Congo, Africa’s biggest copper producer, banned exports of copper and cobalt concentrates in 2013 to encourage miners to process and refine the ore within its borders.
But the country does not have enough smelting capacity and has repeatedly issued waivers.
A full-scale ban would lead to a drastic fall in Congo’s copper exports.
It would also deliver a heavy blow to neighboring Zambia, which processes Congolese copper and cobalt.
“There have been exemptions for certain reasons. Each time, we analyze the file with all the technical data. The applications are submitted with the justifications,” mines minister Willy Kitobo told Reuters.
“These mining companies and the processors interested in purchasing these concentrates have been invited to Kinshasa on (August) 20th to see what can be done.”
In January, China’s state-owned mining company CNMC launched Congo’s first large-scale smelter, the Lualaba Copper Smelter (LCS).
The government joint venture is capable of processing 400,000 tonnes of copper concentrate and producing around 120,000 tonnes of copper blister per year.
But even at full capacity, the LCS cannot process all Congo’s copper production.
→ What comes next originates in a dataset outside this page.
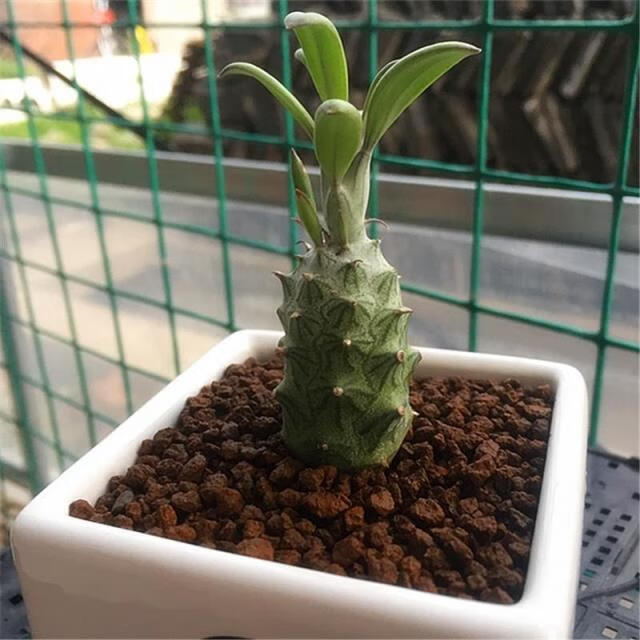 铁甲麒麟峨眉山老桩群生小苗小菠萝多肉植物大戟科 铁甲麒麟中号高11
Congo produced 765,000 tonnes of copper concentrate in the first half of the year alone, the central bank said, up 13.4% year-on-year.
“Our initial take is that they’ll fill Lualaba’s capacity and then issue waivers for the rest,” said Indigo Ellis, head of Africa research at Verisk Maplecroft, a risk analytics company.
“But it’s not a sustainable option, the harm that it’ll cause for the industry and investment environment is negative.”
Congo Chamber of Mines president Louis Watum said he understands the government wants to boost beneficiation in-country, because of the revenue it generates, but said most mining companies cannot smelt in Congo because of inadequate electricity supply.